How retry and fallback works

Client sends a request.
The load balancer selects a target based on the configured algorithm (round-robin, lowest-latency, etc.).
If the target fails (based on defined failover_criteria), the balancer:
- Retries the same or another target.
- Fallbacks to another available target.
If retries are exhausted without success, the load balancer returns a failure to the client.

 
flowchart LR
    Client(((Application))) --> LBLB
    subgraph AIGateway
        LBLB[/Load Balancer/]
    end
    LBLB -->|Request| AIProvider1(AI Provider 1)
    AIProvider1 --> Decision1{Is Success?}
    Decision1 -->|Yes| Client
    Decision1 -->|No| AIProvider2(AI Provider 2)
    subgraph Retry
        AIProvider2 --> Decision2{Is Success?}
    end
    Decision2 ------>|Yes| Client

Figure 1: A simplified diagram of fallback and retry processing in AI Gateway’s load balancer.

Retry and fallback configuration

The AI Gateway load balancer supports fine-grained control over failover behavior. Use failover_criteria to define when a request should retry on the next upstream target. By default, retries occur on error and timeout. An error means a failure occurred while connecting to the server, forwarding the request, or reading the response header. A timeout indicates that any of those stages exceeded the allowed time.

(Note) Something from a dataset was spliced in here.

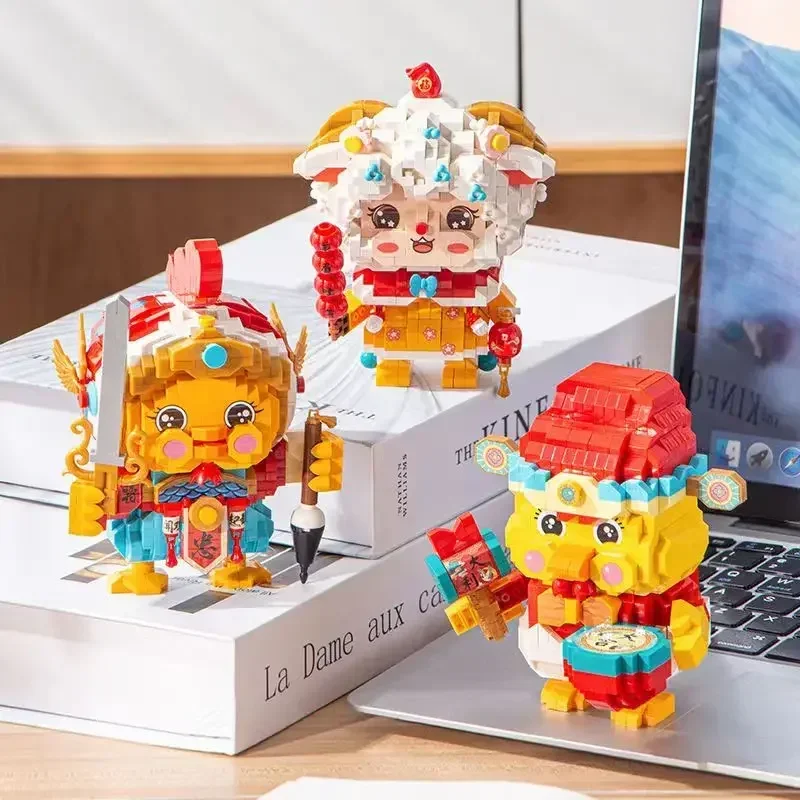 Конструктор из мелких частиц с изображением знаков зодиака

You can add more criteria to adjust retry behavior as needed:

Setting	Description
`retries`	Defines how many times to retry a failed request before reporting failure to the client. Increase for better resilience to transient errors; decrease if you need lower latency and faster failure.
`failover_criteria`	Specifies which types of failures (e.g., `http_429`, `http_500`) should trigger a failover to a different target. Customize based on your tolerance for specific errors and desired failover behavior.
`connect_timeout`	Sets the maximum time allowed to establish a TCP connection with a target. Lower it for faster detection of unreachable servers; raise it if some servers may respond slowly under load.
`read_timeout`	Defines the maximum time to wait for a server response after sending a request. Lower it for real-time applications needing quick responses; increase it for long-running operations.
`write_timeout`	Sets the maximum time allowed to send the request payload to the server. Increase if large request bodies are common; keep short for small, fast payloads.

Retry and fallback scenarios

You can customize AI Gateway load balancer to fit different application needs, such as minimizing latency, enabling sticky sessions, or optimizing for cost. The table below maps common scenarios to key configuration options that control load balancing behavior:

Scenario	Action	Description
Requests must not hang longer than 3 seconds	Adjust `connect_timeout`, `read_timeout`, `write_timeout`	Shorten these timeouts to quickly fail if a server is slow or unresponsive, ensuring faster error handling and responsiveness.
Prioritize the lowest-latency target	Set `latency_strategy` to `e2e`	Optimize routing based on full end-to-end response time, selecting the target that minimizes total latency.
Need predictable fallback for the same user	Use `hash_on_header`	Ensure that the same user consistently routes to the same target, enabling sticky sessions and reliable fallback behavior.
Models have different costs	Set `tokens_count_strategy` to `cost`	Route requests intelligently by considering cost, balancing model performance with budget optimization.

Version compatibility for fallbacks

Kong Gateway version compatibility for fallbacks: v3.10+

Full fallback support across targets, even with different API formats.

Mix models from different providers if needed (for example, OpenAI and Mistral).

Pre-v3.10:

Fallbacks only allowed between targets using the same API format.

Example: OpenAI-to-OpenAI fallback is supported; OpenAI-to-OLLAMA is not.